Le départ de M’hamed KHADDAD nous plonge dans une infinie tristesse, et je présente mes plus sincères condoléances à sa famille, ses amis et son peuple.

Cela fait huit ans que très régulièrement, nous avions à travailler ensemble pour défendre l’application du droit sur le territoire du Sahara occidental. Depuis le premier jour, cette rencontre a été un bonheur. Lors de notre première rencontre, M’hamed a su, comme personne, me faire comprendre en quelques heures ce qu’était le peuple Sahraoui, et pourquoi il n’y avait d’autres voies que l’application stricte du droit international pour défendre son droit à l’autodétermination.

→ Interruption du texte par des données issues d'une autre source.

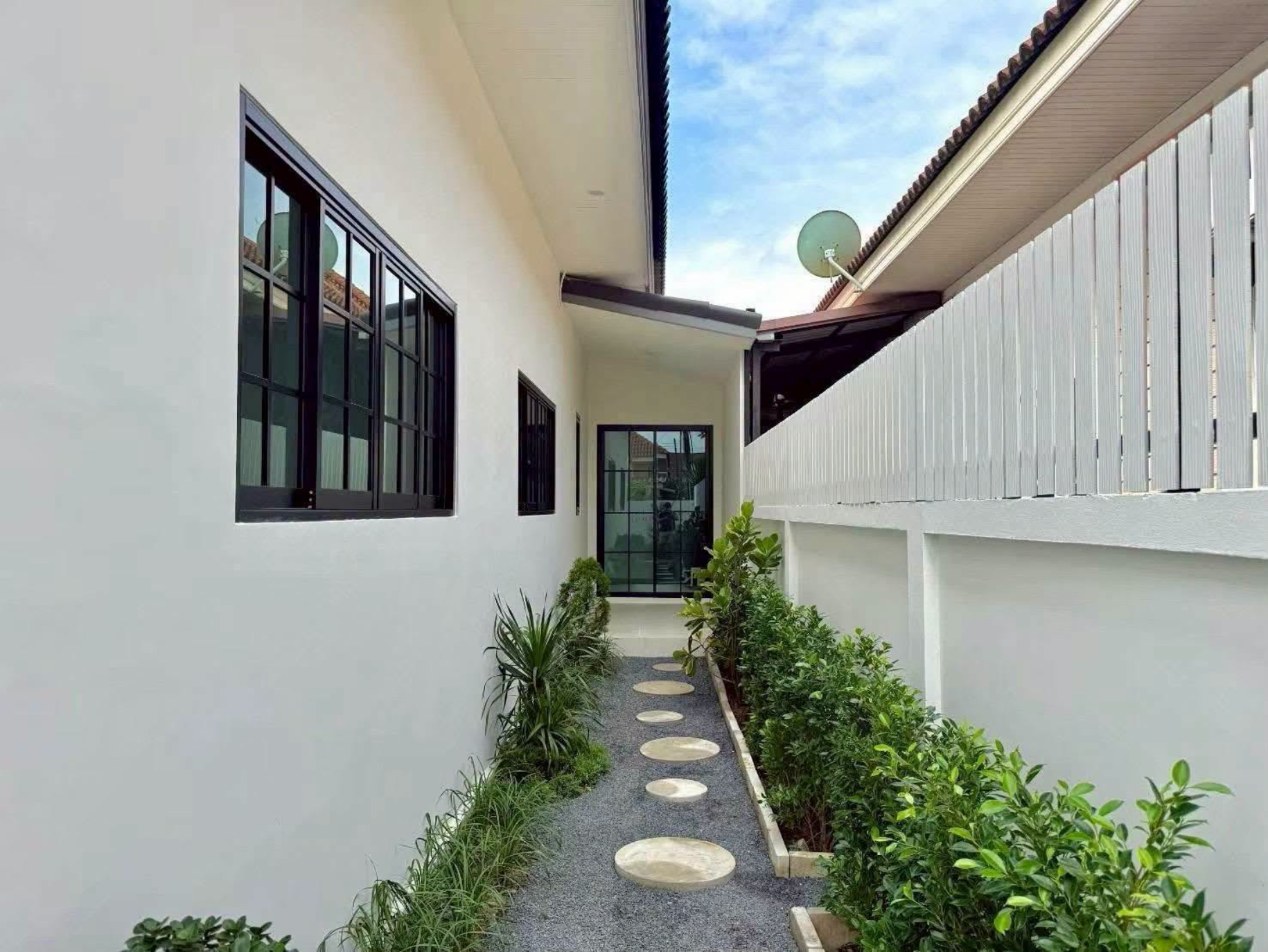 Renovated 2-bedroom house for rent at Chaofa Garden Home, Koh Kaew – photo 4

M’hamed avait une connaissance encyclopédique du dossier, sur tous les aspects. Il s’est montré remarquablement disponible pour comprendre les contraintes des procédures en droit européen. À chaque étape, c’étaient des discussions approfondies, car l’action juridique n’a de sens que si elle est au service de l’action politique, et il fallait la meilleure des coordinations. Cet homme qui savait tant, qui avait vu tant de choses, était toujours curieux d’apprendre et de découvrir, et il expliquait souvent que pour atteindre la victoire, il fallait que nous soyons plus connaisseurs et plus rapides que les forces adverses. Devant les auditoires les plus divers, il savait en quelques minutes brosser une analyse politique limpide, identifiant les rapports de forces et les voies à rechercher.

Je garde comme un souvenir inégalé, avec une émotion intacte, la lecture de l’arrêt du 21 décembre 2016 de la Cour de Justice, à Luxembourg. Je l’entends encore analyser à voix basse au fur et à mesure de sa lecture : « deux territoires distincts et séparés, occupation militaire, résolution 34/37, consentement du peuple Sahraoui… c’est excellent, excellent ».

Ce travailleur infatigable était toujours disponible, et il ne négligeait aucun effort. Devant une vie si noble et une personnalité si riche, c’est ce soir mon admiration qui domine, mais il y a aussi une rage devant ces adversaires sans scrupules, qui ne tiennent leur pouvoir que par le vol de la richesse d’un peuple. C’est une rage profonde car la coalition des intérêts criminels a empêché M’hamed de connaître l’indépendance de son pays.

Cette injustice, qui frappe dans son entier un peuple pacifique, uni et respectueux du droit, ne fait que redoubler ma détermination. Dans mes yeux, le visage de M’hamed est désormais gravé sur toutes les pages de nos actes de procédure, et je veux dire à sa famille et au peuple Sahraoui que celui qui a été pendant ses huit ans un ami de tous les jours, a été pour moi le meilleur des professeurs de politique. C’était un vrai artisan de la paix, sa confiance m’a porté, et oui, nous n’aurons de repos qu’avec l’indépendance.